→ GOAL OF THE EXERCISE
The required output is every line from the beginning of the entries below through the line that includes "The locals use", copied exactly.

● ● ● ● ●

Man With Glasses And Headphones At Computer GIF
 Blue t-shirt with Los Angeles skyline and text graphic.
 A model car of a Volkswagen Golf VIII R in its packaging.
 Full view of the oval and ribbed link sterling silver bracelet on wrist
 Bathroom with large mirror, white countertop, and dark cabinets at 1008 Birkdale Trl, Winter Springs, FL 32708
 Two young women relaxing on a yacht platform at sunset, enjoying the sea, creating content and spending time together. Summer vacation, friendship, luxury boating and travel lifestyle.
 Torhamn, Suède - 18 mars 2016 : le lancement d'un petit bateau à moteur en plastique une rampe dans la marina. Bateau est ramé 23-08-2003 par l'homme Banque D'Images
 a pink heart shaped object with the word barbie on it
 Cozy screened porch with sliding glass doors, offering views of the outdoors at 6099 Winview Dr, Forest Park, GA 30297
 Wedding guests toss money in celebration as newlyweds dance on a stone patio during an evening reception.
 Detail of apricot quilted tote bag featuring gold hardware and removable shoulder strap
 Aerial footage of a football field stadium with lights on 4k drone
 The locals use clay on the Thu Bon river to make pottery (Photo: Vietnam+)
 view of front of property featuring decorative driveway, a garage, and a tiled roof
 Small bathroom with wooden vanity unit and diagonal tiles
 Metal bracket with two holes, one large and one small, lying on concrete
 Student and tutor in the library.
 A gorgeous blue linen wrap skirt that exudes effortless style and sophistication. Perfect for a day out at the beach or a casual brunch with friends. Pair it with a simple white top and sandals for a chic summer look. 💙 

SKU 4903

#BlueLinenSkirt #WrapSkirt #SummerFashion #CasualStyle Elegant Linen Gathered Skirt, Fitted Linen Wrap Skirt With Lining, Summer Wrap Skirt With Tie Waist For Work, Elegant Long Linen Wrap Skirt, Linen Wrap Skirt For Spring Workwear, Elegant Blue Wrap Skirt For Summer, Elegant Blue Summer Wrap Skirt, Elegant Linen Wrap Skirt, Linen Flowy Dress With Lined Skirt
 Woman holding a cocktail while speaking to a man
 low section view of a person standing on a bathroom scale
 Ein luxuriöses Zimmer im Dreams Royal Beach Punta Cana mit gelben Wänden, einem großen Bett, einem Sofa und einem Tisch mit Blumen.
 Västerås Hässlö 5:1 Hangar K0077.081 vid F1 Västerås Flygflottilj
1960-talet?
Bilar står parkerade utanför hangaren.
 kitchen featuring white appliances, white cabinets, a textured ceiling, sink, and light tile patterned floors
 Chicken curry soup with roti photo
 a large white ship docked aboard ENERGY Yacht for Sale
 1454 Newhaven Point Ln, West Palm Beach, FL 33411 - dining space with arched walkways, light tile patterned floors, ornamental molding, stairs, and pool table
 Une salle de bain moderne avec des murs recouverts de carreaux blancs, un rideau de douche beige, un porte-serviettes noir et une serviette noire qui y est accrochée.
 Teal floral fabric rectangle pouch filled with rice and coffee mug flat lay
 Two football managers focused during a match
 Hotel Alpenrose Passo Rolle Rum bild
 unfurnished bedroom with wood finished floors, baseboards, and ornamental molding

● ● ● ● ●

→ ANSWER AREA
Man With Glasses And Headphones At Computer GIF
 Blue t-shirt with Los Angeles skyline and text graphic.
 A model car of a Volkswagen Golf VIII R in its packaging.
 Full view of the oval and ribbed link sterling silver bracelet on wrist
 Bathroom with large mirror, white countertop, and dark cabinets at 1008 Birkdale Trl, Winter Springs, FL 32708
 Two young women relaxing on a yacht platform at sunset, enjoying the sea, creating content and spending time together. Summer vacation, friendship, luxury boating and travel lifestyle.
 Torhamn, Suède - 18 mars 2016 : le lancement d'un petit bateau à moteur en plastique une rampe dans la marina. Bateau est ramé 23-08-2003 par l'homme Banque D'Images
 a pink heart shaped object with the word barbie on it
 Cozy screened porch with sliding glass doors, offering views of the outdoors at 6099 Winview Dr, Forest Park, GA 30297
 Wedding guests toss money in celebration as newlyweds dance on a stone patio during an evening reception.
 Detail of apricot quilted tote bag featuring gold hardware and removable shoulder strap
 Aerial footage of a football field stadium with lights on 4k drone
 The locals use clay on the Thu Bon river to make pottery (Photo: Vietnam+)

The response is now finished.